• [Try it]:
Everything in the data below is left aside except the lines from the one containing "Large Painting of cypress trees" through the one containing "Silikon Hülle Handyhülle"; repeat those exactly.

• [Material shown]:

▼▼▼

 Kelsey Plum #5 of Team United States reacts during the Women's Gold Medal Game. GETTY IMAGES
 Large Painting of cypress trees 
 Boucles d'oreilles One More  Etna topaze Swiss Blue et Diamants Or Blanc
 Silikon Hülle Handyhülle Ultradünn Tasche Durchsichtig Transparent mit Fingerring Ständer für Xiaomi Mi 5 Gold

▲▲▲
▼▼▼

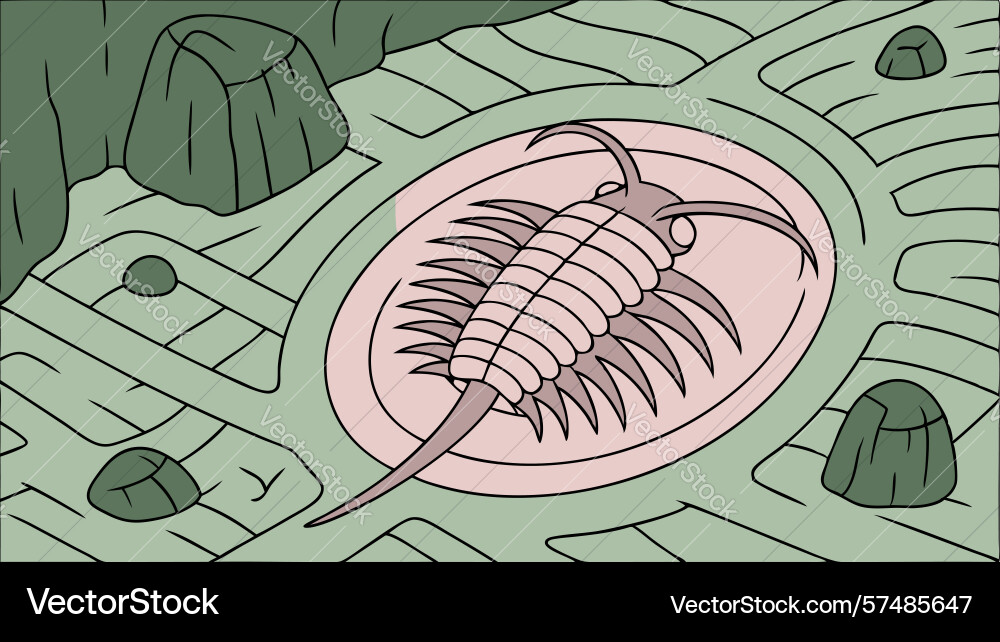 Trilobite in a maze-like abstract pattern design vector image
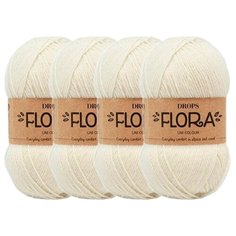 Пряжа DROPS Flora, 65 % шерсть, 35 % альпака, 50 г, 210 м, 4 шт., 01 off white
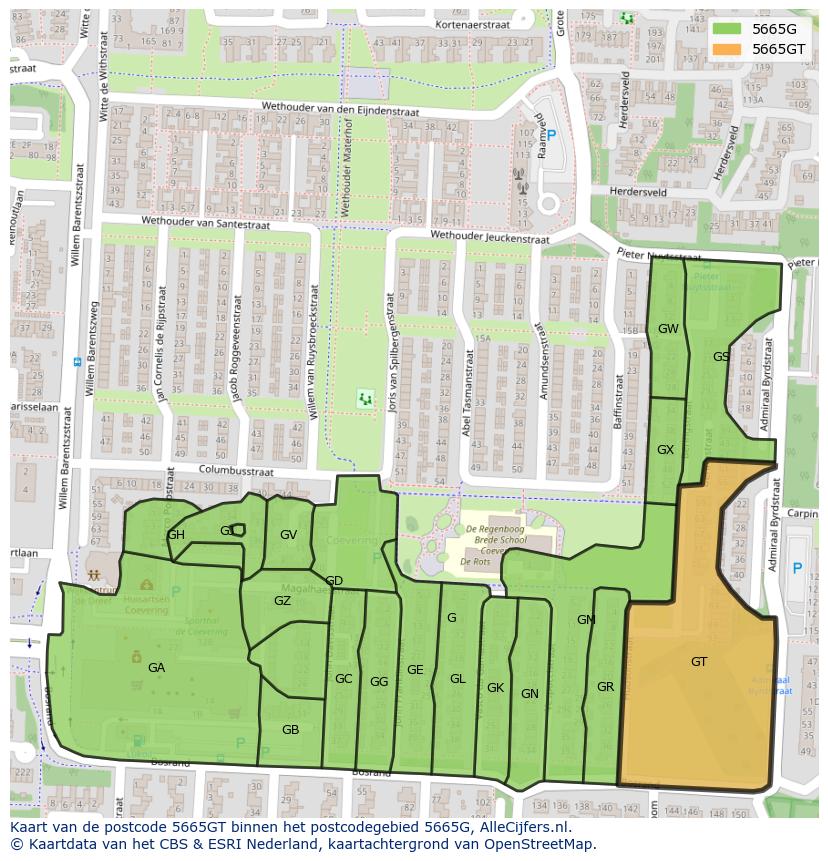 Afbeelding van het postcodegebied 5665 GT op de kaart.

▲▲▲

• [Worked solution]:
 Large Painting of cypress trees 
 Boucles d'oreilles One More  Etna topaze Swiss Blue et Diamants Or Blanc
 Silikon Hülle Handyhülle Ultradünn Tasche Durchsichtig Transparent mit Fingerring Ständer für Xiaomi Mi 5 Gold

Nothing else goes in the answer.